Y cerrando los ojos mientras alzaba las manos al cielo, en pleno deleite narraba cuán hermoso era ver a esos dóciles naturales no manchados por el pecado original, proclamar la verdad evangélica, desde los parvulitos hasta los más viejos, de una forma que ni los vecinos de Cartago lo podrían hacer mejor. Y pidió a todos dar gracias al buen Dios por haberles dado la bendición de proclamar el Evangelio en esas montañas, en las que habían encontrado tierra fértil, pues hasta los más recelosos de sus caciques e inclusive sus magos, habían aceptado el agua milagrosa del bautismo; y que teribes y cabécares, fieramente enfrentados entre sí desde hacía generaciones, habían aceptado la paz a instancias de ellos, los hermanos en la fe. Y eso no era sino milagro de Dios, pues eran todos testigos de cómo, año con año, les habían ido reduciendo las autoridades la escolta que el Rey nuestro señor desde hacía más de diez años había ordenado dar, quedando de un total de cincuenta soldados poco más de una veintena, la cual debía de compartirse entre las tres doctrinas y los tres frailes, al dictado de la necesidad.

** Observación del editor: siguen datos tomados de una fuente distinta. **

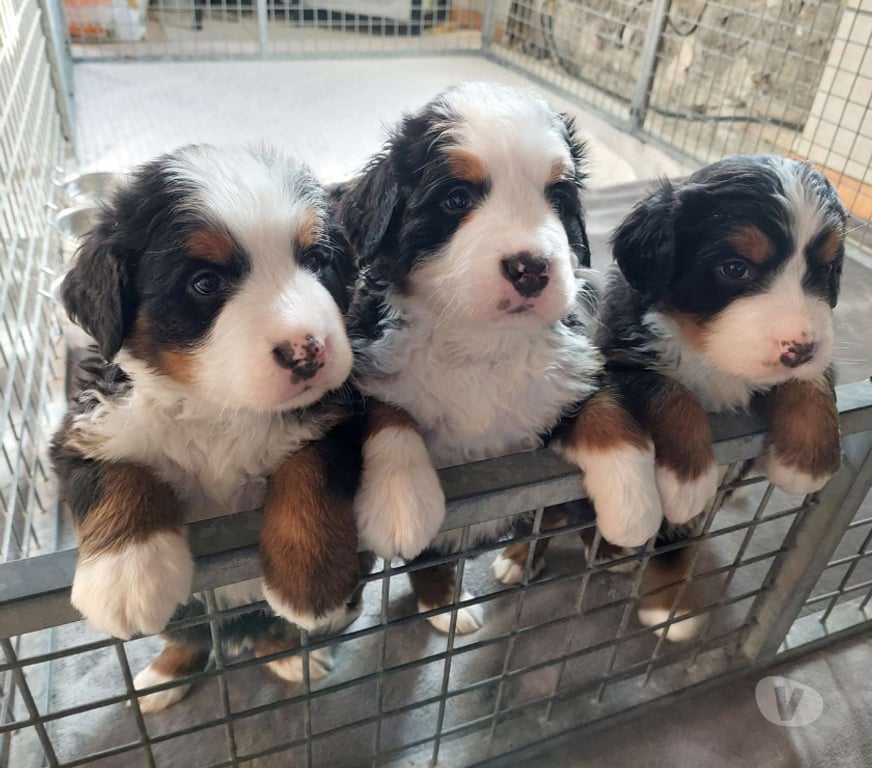 Vente Nord Renescure - 59173 - Photos Vivastreet 5 Chiots bouvier bernois LOF dispo à partir du 22 10 2025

Y que todos sabían muy bien por qué era todo ello y era justo porque ellos, los franciscanos recoletos, se habían opuesto decididamente a los desmanes de corregidores, encomenderos y cofrades para con las pobres poblaciones talamanqueñas. Y que en dicho apostolado, habían interpuesto formal queja ante las autoridades de la Real Audiencia por medio del querido y recordado padre fray Diego de Macotela –guardián del Convento y de todos tan querido– toda vez que las corruptas autoridades locales se hacían eco de los intereses de esos canallas explotadores. Y que habiendo logrado la supresión de esos excesos, cosa esperable por ser justa a los ojos de Dios, era menester ahora despoblar Talamanca para proteger a esas criaturas del inglés y del zambo, a fin de llevarlos a los llanos del sur, en los cuales las reducciones de Boruca y Cabagra ya prosperaban en la fe divina, para gloria de Cristo y Su Madre Santísima. Y exhortó a sus hermanos a seguir adelante, pues era marca de su hábito el sufrir por Cristo penitente sin desmayar y poner la otra mejilla y anteponer al odio y al rencor la caridad y la oración, pues así lo mandaba el padre fundador de su orden, el beato señor San Francisco; y que como un célebre escritor de su tierra terciaba, cuando los perros ladraban era señal de que se cabalgaba. Y esto último lo dijo viéndome a mí, como retándome a que tratase de tomar partido y destruir su obra, para arrepentirme toda mi vida si escogía mal.